- **TASK**
After locating the line with "925 Sterling Silver" below, output it and each following line exactly, stopping after the line with "Meteor rain, asteroids". No pictures.

---- RECORDS FOR THIS TASK

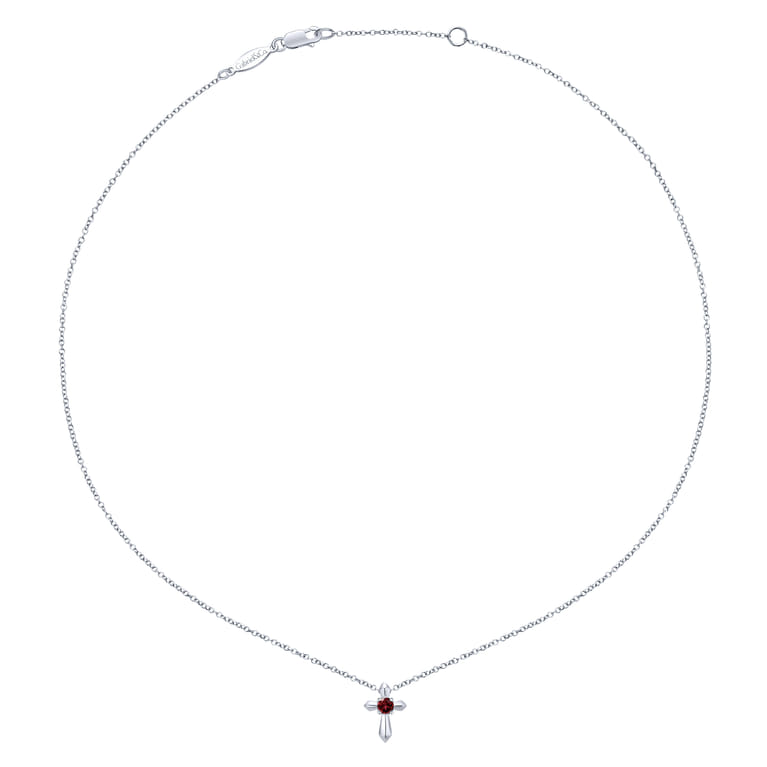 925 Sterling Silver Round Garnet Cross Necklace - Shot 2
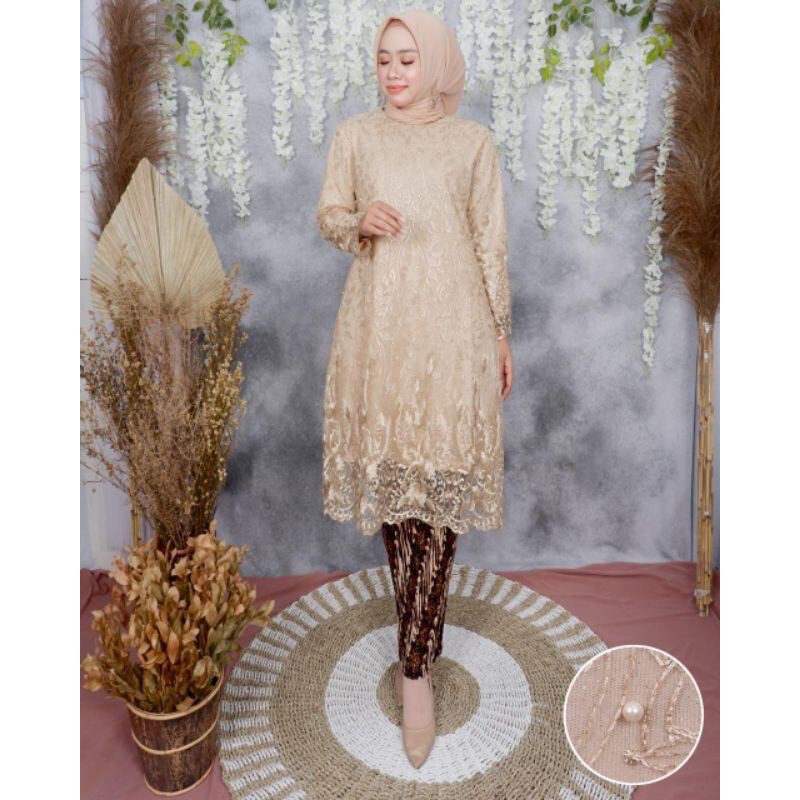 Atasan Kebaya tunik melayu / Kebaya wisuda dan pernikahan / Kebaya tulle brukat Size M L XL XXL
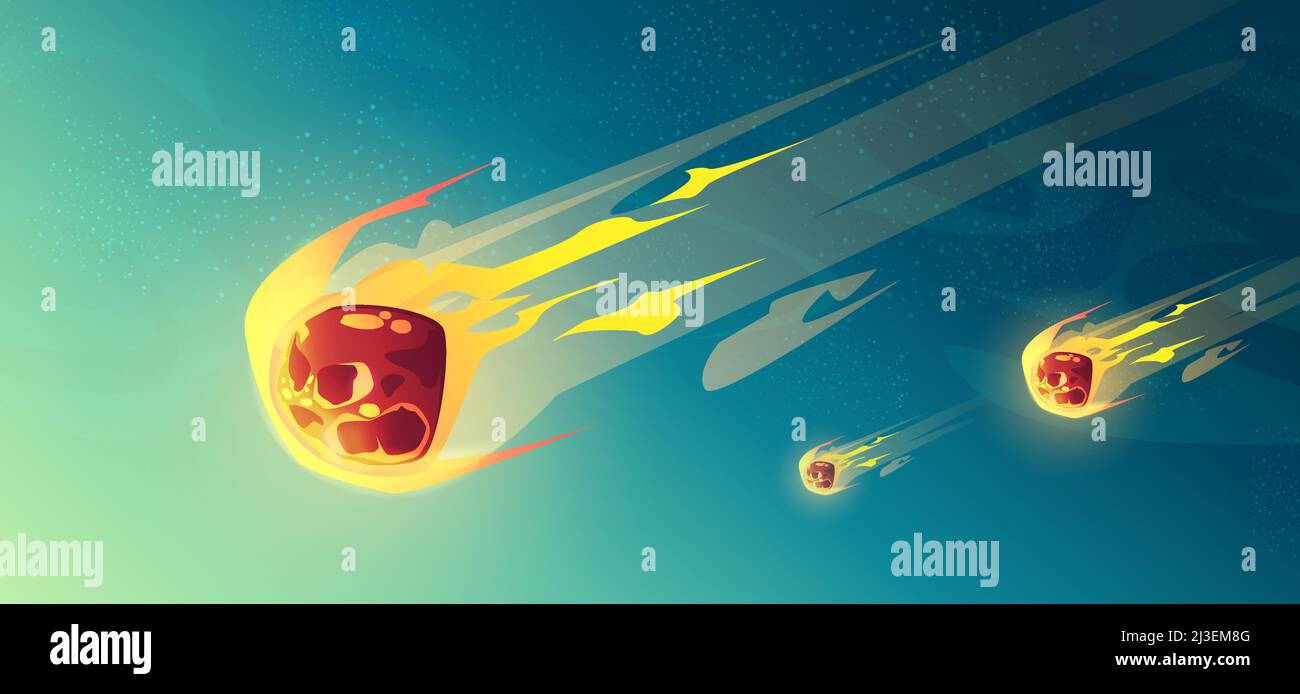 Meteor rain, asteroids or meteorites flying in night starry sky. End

--------
---- RECORDS FOR THIS TASK

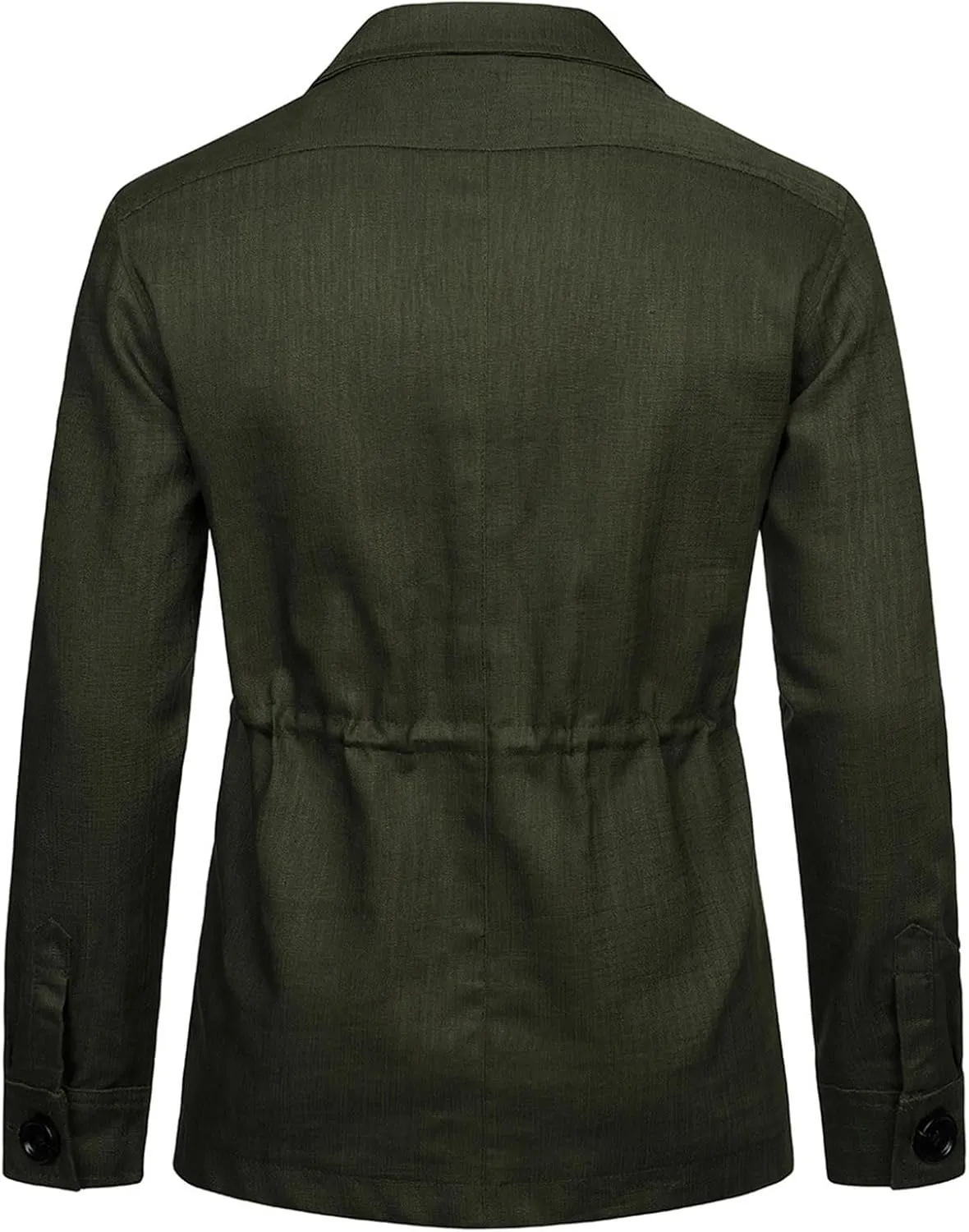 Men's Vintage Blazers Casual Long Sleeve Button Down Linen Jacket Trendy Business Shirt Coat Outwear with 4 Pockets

--------

- **REPLY TO THE TASK**
 925 Sterling Silver Round Garnet Cross Necklace - Shot 2
 Atasan Kebaya tunik melayu / Kebaya wisuda dan pernikahan / Kebaya tulle brukat Size M L XL XXL
 Meteor rain, asteroids or meteorites flying in night starry sky. End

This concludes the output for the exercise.